Title: Project: BARS
Author: Decidous
Description: AUV capable of delivering packages via the use of GPS coordinates!
Created_at: 2025-06-27

Total Time: 32 Hours

2025-06-28

Started this project amidst a vacation outside of the United States, so time available to work on this project is limited daily. Started part outsourcing: I started looking at the parts needed, but got only the main ones down (aka ESP32-WROOM, accelerometer + barometer + magnometer, etc) planning to continue the GPS/autonomous parts selection of this project some future date. These are the main components I usually use for my rocketry projects.

Allotted time: 2 hours

2025-06-29

First instances of modeling, started with the ribs of the frame for the drone. I’ve decided to allocate a lot of space in Teh fuselage to fit packages 6 inches X 6 inches, and while this might not be a lot of space, it still contains the basic potential concept of delivering packages

allotted time: 2 hours

2025-06-30

I continued the modeling of the plane’s main airframe, and while doing some research, have decided that fiberglass is a fantastic middle ground of tensile strength and flexibility. I had 3 options from order of tensile strength and weight: aluminum, fiberglass, and carbon fiber. The availability of fiberglass rods I recalled from a ZNA video I watched a long time ago when he used it to make a bow and arrow.

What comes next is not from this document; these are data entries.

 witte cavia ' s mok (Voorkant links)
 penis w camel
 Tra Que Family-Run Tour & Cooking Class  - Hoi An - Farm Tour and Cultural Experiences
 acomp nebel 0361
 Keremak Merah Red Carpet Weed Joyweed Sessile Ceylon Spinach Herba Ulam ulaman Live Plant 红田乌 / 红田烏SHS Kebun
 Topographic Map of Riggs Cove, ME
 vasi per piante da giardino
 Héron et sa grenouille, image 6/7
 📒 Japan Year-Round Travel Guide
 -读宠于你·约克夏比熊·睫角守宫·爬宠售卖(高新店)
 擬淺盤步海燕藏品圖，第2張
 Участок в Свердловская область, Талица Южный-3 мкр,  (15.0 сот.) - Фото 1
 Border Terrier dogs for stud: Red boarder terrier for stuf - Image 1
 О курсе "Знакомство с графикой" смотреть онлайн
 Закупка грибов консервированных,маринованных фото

https://www.youtube.com/watch?v=0XofhpYmaEU

allotted time: 2 hours

2025-07-01

I continued with the designs of the different parts for the drone: the gates needed to hold the packages, the connectors connecting the fiberglass rods of the wings to the fuselage, and the wing profiles. The wing profile I currently have is called the symmetrical airfoil, which is supposed to be good for “precision aerobatics”. I am choosing this one also because it is the simplest to construct. Flight test airfoil explanations: https://www.flitetest.com/articles/what-airfoil-should-i-use

allotted time: 4 hours

2025-07-02

focused on combining everything together: the wing profiles, the gates, and the connectors. The paneling of the plane, I anticipate, would be made of Kraft foam to lessen the weight. For the nose and tail design, which were a bit more tricky, I designed only the corners to be 3d printed, but the centers of the nose and tail would still be filled with Kraft foam.

allotted time: 3 hours

2025-07-03

Originally I had planned an H shape for the tail, but I did some research and the more V and /\ shapes (like the tail from the RQ-7 Shadow) you have in the front cross section of the plane, the better it is for aerodynamic self-leveling to correct for yaw drift. While yaw control would still be needed, this greatly lessens the strain of servos, leading to a potentially longer battery life and flight endurance. I finished modeling the wing flaps and added a tail light mount. I then struggled for a few hours trying to figure out how to mount the brushless motor in the aft end of the fuselage, I will definitely be coming back to the design because lofting is not ideal for angled pieces to hold fiberglass rods. Study focusing on Dihedral Effects: https://journals.sagepub.com/doi/full/10.1155/2013/308582

allotted time: 4 + 2 hours

2025-07-04

added color to assembly/fixed a few issues (dark = 3d printed framing, white = 3d printed shelling, orange = fiberglass rods for structure) + also researched more on GPS to focus on finalizing the BOM. https://www.youtube.com/watch?v=F9lim5l9R7c -> GPS basic compass https://www.youtube.com/watch?v=vi_cIuxDpcA&ab_channel=CircuitDigest -> sending to a cloud

5+ hours spent researching dif methods of wireless coms:

So, first I was thinking of using a wifi router + esp32, then realized i have no idea how internet works. I had to do a bunch of research to learn that the internet is basically provided via ethernet, and a wifi router serves as a well to that data. My challenge is that you need to be able to send data to a public server to track the location of the drone, and the methods to do that are: 1. cellular (with wifi -> https://www.youtube.com/watch?v=B96JGoWQOsE&t=1413s&ab_channel=Tesseract) 2. Long-range radio (bps.space rocket telemetry -> https://www.youtube.com/watch?v=pZ572Rjj9vA&t=779s&ab_channel=BPS.space) 3. satelite data (wayyyy too expensive, but would work with ANY coordinate in the world) 4. sd card (simple hardware, but requires the drone to come back) Cellular seems like the best bet due to its pretty good range (as long as there is a cell tower in proximity) as well as its affordability. Found a well-priced SIM 4G/5G modem that can be used to transmit data: Puffin Smart 4G LTE-Advanced USB WiFi

Also, finished a wiring schematic for the avionics:

allotted time: 7 hours

2025-07-05

Made adjustments to motor mount for tail, door hatch servo system for deploying disaster relief supplies, finalized 3d model and finished up shelling, added models for servo and brushless motor

allotted time: 6 hours